◆ **Description of the task**
The number of lines below holding the string "Yellow" is the only answer wanted.

◆ **Study material**
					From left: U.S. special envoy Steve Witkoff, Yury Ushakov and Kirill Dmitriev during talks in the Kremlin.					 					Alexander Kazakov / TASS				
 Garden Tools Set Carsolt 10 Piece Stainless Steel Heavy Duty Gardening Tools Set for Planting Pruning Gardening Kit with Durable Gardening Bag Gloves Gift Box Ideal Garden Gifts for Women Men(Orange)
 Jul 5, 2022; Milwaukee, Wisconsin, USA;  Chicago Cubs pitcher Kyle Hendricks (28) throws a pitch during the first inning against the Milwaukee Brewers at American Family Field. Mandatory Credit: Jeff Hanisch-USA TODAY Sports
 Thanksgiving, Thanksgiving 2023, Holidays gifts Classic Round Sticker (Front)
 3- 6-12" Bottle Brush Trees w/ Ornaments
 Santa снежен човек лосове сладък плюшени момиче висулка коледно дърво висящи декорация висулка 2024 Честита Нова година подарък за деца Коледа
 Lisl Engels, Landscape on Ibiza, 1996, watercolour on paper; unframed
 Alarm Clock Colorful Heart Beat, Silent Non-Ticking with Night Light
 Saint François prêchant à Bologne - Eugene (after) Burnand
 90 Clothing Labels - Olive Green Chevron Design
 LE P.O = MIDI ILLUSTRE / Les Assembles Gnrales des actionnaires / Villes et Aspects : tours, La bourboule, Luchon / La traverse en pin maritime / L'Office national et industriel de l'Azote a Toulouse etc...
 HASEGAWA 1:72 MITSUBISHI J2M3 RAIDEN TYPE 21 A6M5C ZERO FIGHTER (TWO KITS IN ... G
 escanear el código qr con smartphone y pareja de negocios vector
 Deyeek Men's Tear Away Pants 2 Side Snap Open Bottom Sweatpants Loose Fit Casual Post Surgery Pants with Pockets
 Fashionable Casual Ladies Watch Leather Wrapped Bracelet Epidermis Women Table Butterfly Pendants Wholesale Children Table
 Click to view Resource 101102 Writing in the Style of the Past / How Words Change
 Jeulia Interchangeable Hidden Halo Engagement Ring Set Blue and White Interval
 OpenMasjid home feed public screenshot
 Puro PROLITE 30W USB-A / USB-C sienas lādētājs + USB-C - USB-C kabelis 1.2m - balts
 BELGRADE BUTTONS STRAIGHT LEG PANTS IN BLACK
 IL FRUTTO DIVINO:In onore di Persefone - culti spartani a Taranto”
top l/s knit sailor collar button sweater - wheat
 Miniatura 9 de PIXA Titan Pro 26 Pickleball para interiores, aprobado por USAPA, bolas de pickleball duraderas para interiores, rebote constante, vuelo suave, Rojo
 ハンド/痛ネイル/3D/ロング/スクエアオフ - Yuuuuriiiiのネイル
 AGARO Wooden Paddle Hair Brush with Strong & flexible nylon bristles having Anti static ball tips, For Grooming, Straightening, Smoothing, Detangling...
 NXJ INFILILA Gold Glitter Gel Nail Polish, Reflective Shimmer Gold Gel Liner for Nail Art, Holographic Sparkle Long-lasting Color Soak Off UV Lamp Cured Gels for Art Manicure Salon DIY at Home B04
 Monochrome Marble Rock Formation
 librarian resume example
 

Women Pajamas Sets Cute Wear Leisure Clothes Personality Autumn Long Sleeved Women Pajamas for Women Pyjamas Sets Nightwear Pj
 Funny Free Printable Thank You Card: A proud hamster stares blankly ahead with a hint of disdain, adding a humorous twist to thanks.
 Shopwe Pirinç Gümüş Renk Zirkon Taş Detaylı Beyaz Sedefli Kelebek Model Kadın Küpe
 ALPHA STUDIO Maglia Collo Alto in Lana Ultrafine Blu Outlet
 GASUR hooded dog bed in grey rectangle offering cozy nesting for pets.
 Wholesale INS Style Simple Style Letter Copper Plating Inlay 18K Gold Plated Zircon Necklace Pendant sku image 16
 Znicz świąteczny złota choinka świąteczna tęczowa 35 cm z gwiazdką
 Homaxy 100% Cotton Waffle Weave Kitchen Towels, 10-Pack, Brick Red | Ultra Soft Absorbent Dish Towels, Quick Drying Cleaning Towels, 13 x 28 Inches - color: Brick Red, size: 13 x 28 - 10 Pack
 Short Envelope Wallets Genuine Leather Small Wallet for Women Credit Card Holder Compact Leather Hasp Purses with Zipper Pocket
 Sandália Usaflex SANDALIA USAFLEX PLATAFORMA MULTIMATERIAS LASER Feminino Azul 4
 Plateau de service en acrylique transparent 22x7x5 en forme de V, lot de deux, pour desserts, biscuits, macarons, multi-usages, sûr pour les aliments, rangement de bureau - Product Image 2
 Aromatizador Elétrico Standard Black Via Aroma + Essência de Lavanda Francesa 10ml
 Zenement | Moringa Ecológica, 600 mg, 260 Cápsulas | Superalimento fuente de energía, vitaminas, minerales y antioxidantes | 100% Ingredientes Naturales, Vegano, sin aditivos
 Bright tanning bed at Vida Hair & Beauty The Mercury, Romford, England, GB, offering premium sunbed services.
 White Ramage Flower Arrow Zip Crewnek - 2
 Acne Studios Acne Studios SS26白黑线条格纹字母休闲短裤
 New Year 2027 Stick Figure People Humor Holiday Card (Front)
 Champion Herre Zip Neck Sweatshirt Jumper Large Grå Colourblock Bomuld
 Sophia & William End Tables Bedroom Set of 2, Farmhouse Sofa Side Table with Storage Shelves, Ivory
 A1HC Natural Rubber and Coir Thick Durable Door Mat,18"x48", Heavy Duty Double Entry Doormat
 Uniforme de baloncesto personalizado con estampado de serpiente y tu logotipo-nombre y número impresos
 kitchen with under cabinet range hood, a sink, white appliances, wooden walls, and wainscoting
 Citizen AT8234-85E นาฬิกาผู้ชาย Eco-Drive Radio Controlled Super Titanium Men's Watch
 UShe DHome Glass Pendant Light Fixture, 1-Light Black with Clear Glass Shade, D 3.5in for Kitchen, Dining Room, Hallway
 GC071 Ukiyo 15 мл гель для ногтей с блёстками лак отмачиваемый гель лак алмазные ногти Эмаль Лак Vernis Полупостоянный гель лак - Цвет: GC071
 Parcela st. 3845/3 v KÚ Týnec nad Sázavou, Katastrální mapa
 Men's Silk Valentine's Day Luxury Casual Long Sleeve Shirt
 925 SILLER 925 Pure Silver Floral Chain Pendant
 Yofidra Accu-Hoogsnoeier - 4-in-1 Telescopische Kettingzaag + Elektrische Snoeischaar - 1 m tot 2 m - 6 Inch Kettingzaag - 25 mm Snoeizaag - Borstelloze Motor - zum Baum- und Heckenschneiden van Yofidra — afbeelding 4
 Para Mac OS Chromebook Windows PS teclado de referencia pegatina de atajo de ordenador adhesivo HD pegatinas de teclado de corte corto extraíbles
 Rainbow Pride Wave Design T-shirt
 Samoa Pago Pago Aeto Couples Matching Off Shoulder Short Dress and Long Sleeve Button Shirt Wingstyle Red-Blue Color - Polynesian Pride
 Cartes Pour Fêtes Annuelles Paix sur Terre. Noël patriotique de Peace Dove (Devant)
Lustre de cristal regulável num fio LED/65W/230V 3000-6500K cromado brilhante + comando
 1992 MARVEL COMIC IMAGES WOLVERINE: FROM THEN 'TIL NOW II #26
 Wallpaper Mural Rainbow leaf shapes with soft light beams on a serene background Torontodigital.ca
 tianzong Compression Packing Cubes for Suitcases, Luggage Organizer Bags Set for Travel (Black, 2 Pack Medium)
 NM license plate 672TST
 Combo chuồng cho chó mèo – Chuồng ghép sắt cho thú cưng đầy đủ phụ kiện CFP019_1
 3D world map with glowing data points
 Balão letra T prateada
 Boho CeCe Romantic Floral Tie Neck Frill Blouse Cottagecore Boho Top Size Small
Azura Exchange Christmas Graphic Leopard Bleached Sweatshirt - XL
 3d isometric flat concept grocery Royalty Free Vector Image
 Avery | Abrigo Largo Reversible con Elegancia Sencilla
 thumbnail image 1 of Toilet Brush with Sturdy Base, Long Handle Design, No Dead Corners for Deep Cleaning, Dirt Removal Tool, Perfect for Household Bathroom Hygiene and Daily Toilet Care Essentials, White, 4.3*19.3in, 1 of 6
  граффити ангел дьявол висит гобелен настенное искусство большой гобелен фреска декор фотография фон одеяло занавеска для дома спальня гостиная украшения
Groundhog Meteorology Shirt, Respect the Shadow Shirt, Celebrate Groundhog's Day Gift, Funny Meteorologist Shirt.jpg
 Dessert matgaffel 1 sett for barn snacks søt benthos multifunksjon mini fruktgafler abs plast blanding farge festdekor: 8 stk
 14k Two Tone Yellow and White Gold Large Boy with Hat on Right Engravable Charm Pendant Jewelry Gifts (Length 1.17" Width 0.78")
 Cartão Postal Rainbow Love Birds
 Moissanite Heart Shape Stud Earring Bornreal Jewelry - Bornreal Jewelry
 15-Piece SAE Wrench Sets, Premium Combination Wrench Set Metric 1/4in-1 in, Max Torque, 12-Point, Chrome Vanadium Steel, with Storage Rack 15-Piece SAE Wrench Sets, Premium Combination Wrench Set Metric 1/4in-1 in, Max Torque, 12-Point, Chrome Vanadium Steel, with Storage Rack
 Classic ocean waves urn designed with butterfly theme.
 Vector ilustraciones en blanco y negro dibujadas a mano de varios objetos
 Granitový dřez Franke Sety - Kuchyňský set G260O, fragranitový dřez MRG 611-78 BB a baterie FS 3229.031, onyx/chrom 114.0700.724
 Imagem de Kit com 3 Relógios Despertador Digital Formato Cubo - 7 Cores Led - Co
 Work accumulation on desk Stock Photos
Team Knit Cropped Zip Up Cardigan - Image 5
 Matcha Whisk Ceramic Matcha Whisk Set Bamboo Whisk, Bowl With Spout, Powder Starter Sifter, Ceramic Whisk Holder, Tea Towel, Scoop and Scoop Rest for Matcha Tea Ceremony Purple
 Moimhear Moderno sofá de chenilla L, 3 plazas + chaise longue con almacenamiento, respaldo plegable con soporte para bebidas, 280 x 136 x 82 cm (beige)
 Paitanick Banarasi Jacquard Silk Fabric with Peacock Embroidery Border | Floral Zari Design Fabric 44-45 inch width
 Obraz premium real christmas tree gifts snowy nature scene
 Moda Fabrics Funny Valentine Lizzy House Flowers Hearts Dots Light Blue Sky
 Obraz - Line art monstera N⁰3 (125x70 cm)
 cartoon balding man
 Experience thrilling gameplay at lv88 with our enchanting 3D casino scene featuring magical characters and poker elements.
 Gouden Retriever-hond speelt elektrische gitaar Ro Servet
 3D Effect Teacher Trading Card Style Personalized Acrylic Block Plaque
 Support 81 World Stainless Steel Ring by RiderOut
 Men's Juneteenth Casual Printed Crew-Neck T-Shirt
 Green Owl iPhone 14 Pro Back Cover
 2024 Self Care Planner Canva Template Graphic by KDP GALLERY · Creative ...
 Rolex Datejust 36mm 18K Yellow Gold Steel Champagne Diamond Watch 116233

◆ **Solution for this exercise**
2